Des morts non identifiés
La route maritime de la région Mena vers l’Europe est aussi particulièrement meurtrière. Les départs depuis le Liban vers la Grèce ou l’Italie se sont intensifiés ces derniers mois, provoquant la mort de 174 migrants en 2022. Un chiffre « qui représente la moitié du nombre total de morts sur la route de la Méditerranée orientale l’année dernière », signale l’OIM.
La Méditerranée orientale, centrale et occidentale, reste la route migratoire la plus meurtrière au monde avec 2 406 morts enregistrés en 2022, soit une augmentation de 16% sur un an. L’année 2023 risque d’établir un nouveau record : depuis janvier, ce sont déjà 1 166 personnes qui ont péri ou ont disparu dans ces eaux, dont 1030 en Méditerranée centrale. Un tel nombre n’avait pas été observé depuis 2017.
L’agence de l’ONU rappelle que la majorité de ces morts ne sont pas identifiés : 92% pour la région Mena et 84% pour la route méditerranéenne.
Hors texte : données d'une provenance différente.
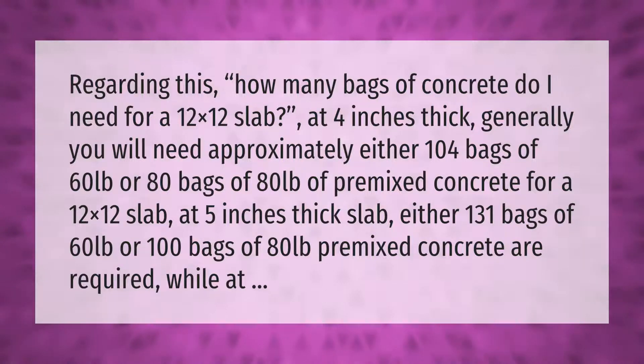For a 12x12 slab at five inches thick, either 131 bags of 60 pounds or 100 bags of 80 pounds of pre-mixed concrete are required.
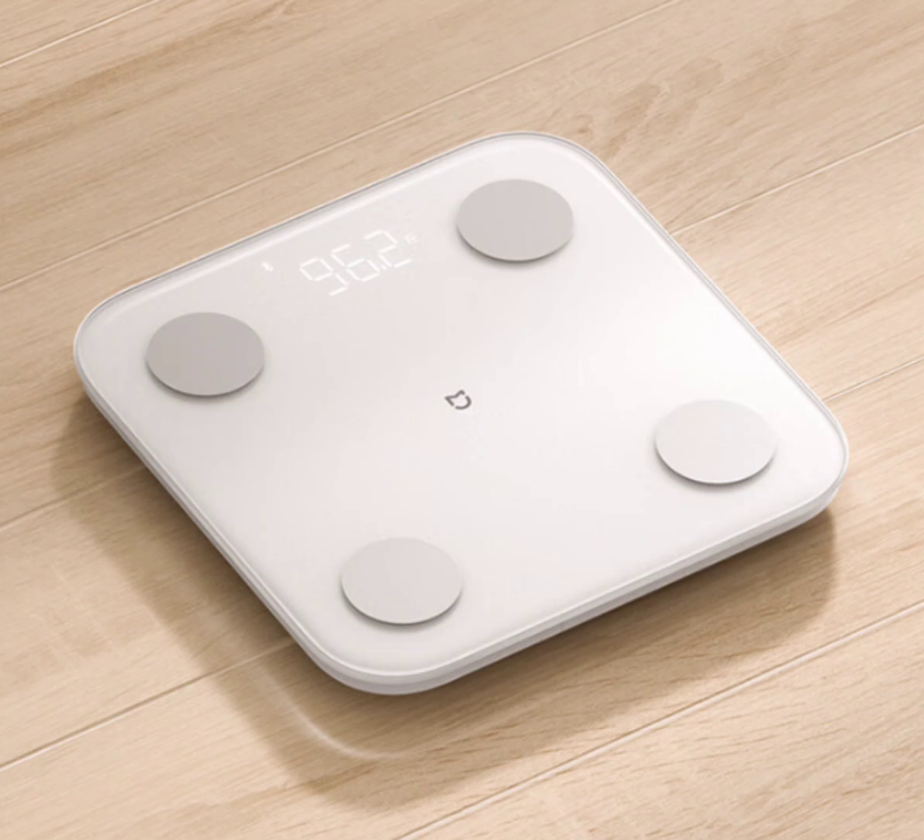The Xiaomi Mijia Body Fat Scale S400 is not merely a device — it is a holistic health companion. Its elegant design, featuring a hidden LED display and a tempered glass surface, adds a touch of sophistication to your home. More importantly, its accurate algorithm and detailed analysis empower you with profound insights into your health, enabling informed decisions about your well-being.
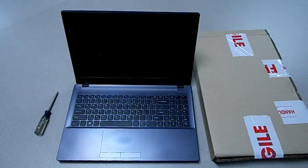Hello everybody, today I'm going to be showing you how to replace a screen on a Clevo W650SR. It's pretty simple to do.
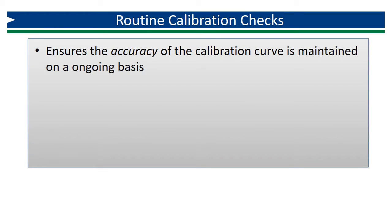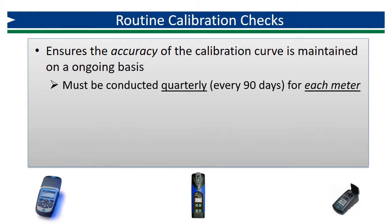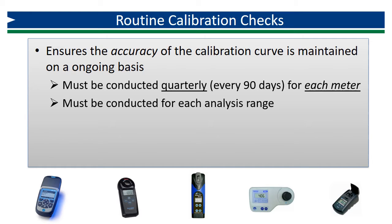In addition to the three-point initial calibration verification, Method 334.0 also requires quarterly routine calibration checks using aqueous check standards as a follow-up to ensure that each meter is maintaining its calibration over time. These must be conducted approximately every 90 days on each meter used for compliance monitoring and should continue indefinitely. Routine quarterly calibration checks need to be completed for each analysis range used for compliance monitoring.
Par ailleurs, le nombre des décès pourrait être plus élevé. Nombre de naufrages se produisent en pleine mer, loin des radars des ONG de sauvetage ou des garde-côtes responsables de la zone. Sur terre aussi, des exilés périssent sans témoin. L’absence de cadavres ou le manque de données pour identifier un corps laisse « des familles désespérées à la recherche de réponses », déplore l’ONU.
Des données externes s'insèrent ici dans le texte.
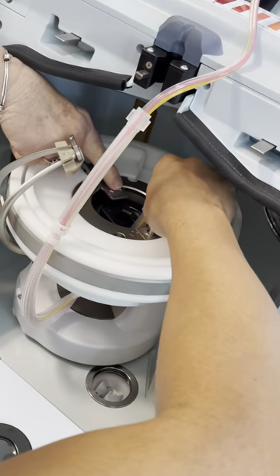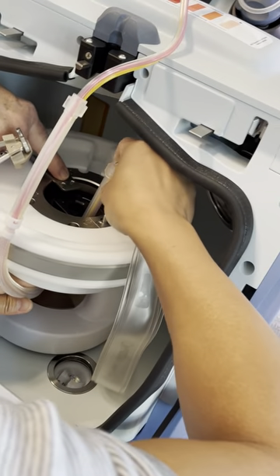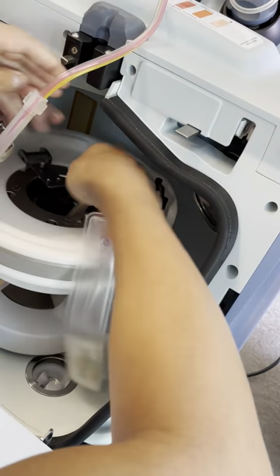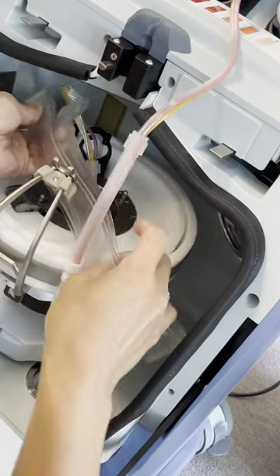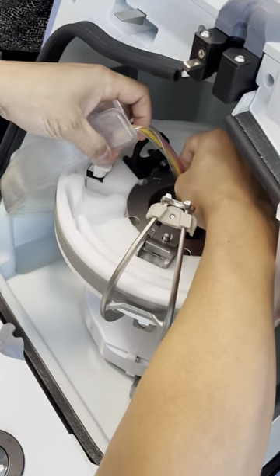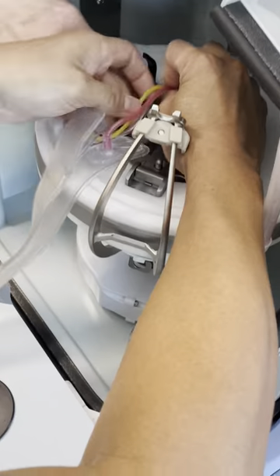Now get that red tube sitting right between the two screws here. Red tube — the collar, yeah. Let me just put this right; it'll be easy. It should be between — exactly. Bring the collar above.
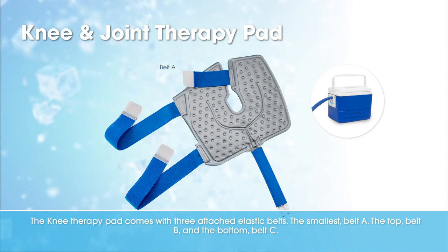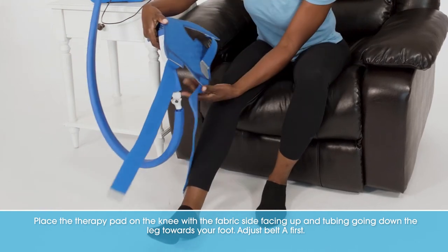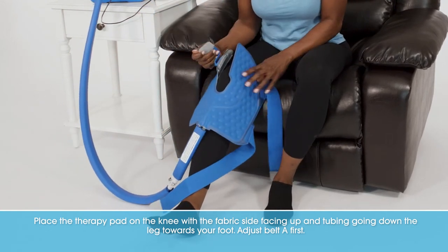The smallest belt A, the top belt B, and the bottom belt C. Place the therapy pad on the knee with the fabric side facing up and the tubing going down the leg towards your foot.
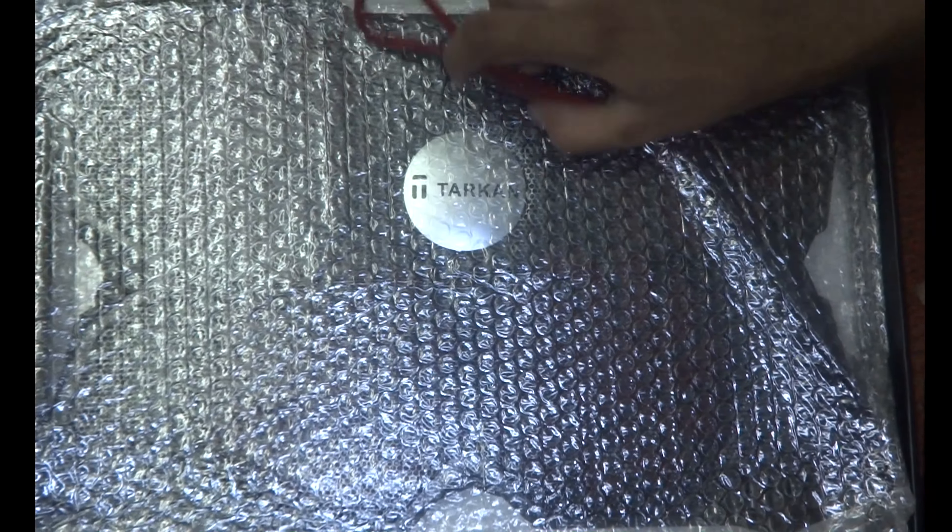Final verdict: you may get many laptop cooling pads in less budget than this, but you won't get an amazing look like this. So if you want that, then go for this. This product is totally worth the money.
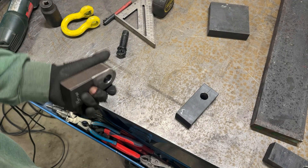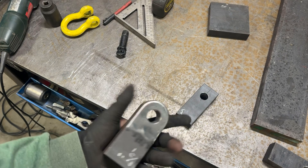Here is one of the D-ring mounts — two of these are going to go into the bumper.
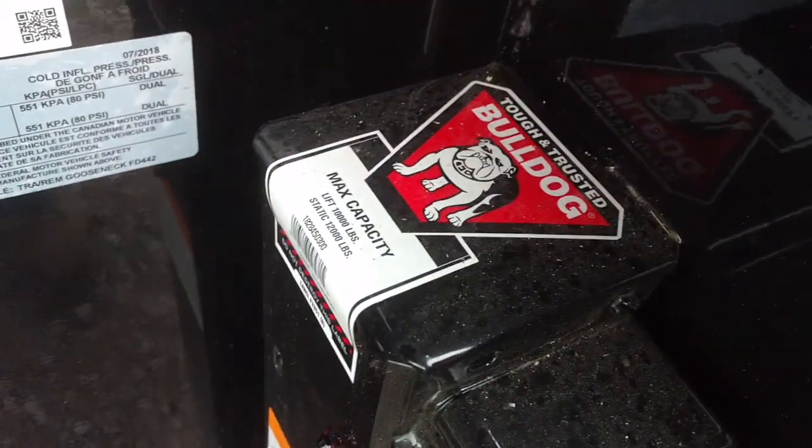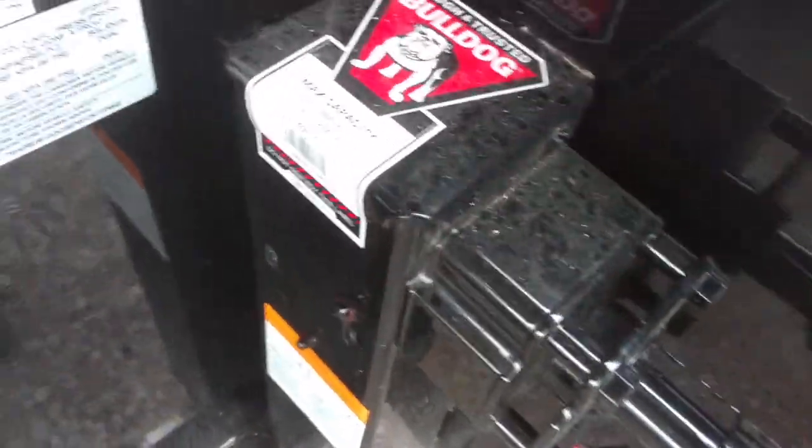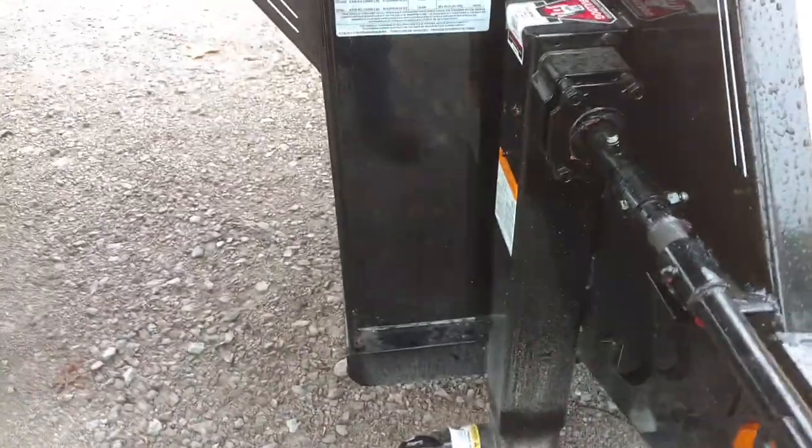Picking this up at the PJ factory. These Bulldog jacks are made in Mexico. I don't know if they're garbage from the factory or if they're garbage after they get powder coated and baked. There's just tons of resistance — I have to use two hands just to run it.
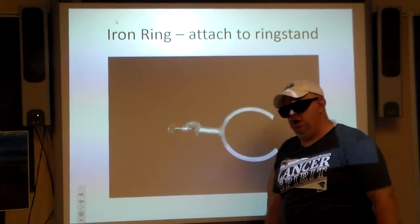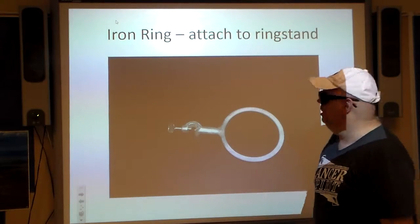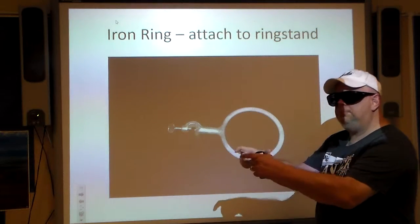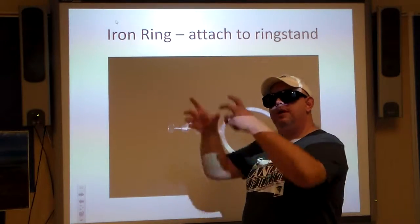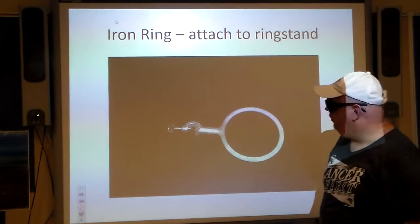Iron ring — it's a distant relative of Iron Man. The iron ring is something we attach to the ring stand, and it forms a little platform where we can place the wire gauze, put a beaker on top, and set up a heating apparatus for chemistry experiments. It's very useful.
L’OIM appelle « instamment [à] une coopération internationale accrue […] pour faire face à cette crise humanitaire et prévenir de nouvelles pertes de vies humaines ».
Les ONG ne peuvent plus secourir plusieurs embarcations à la fois
Les politiques migratoires des États en première ligne dans l’accueil des migrants, principalement l’Italie ou la Grèce, ne tendent pas vers un renforcement des sauvetages. Au contraire. Sur terre, des murs sont de plus en plus érigés aux frontières européennes, comme en Hongrie ou en Grèce pour empêcher les exilés d’atteindre le sol européen. En mer, une nouvelle loi promulguée par Rome en janvier restreint drastiquement les activités des ONG de sauvetage.
Désormais, le gouvernement d’extrême droite de Giorgia Meloni impose aux navires humanitaires d’informer les autorités italiennes dès qu’une embarcation est secourue. Les autorités décident alors du port où rescapés et secouristes doivent accoster. C’est souvent un port lointain du lieu de l’opération de secours. De cette manière les ONG ne peuvent pas secourir d’autres embarcations lors de plusieurs opérations. Par ailleurs, elles perdent beaucoup de temps à se rendre dans les ports assignés et revenir en haute mer.
Pour les humanitaires, cette mesure a pour conséquence une augmentation des décès en Méditerranée centrale.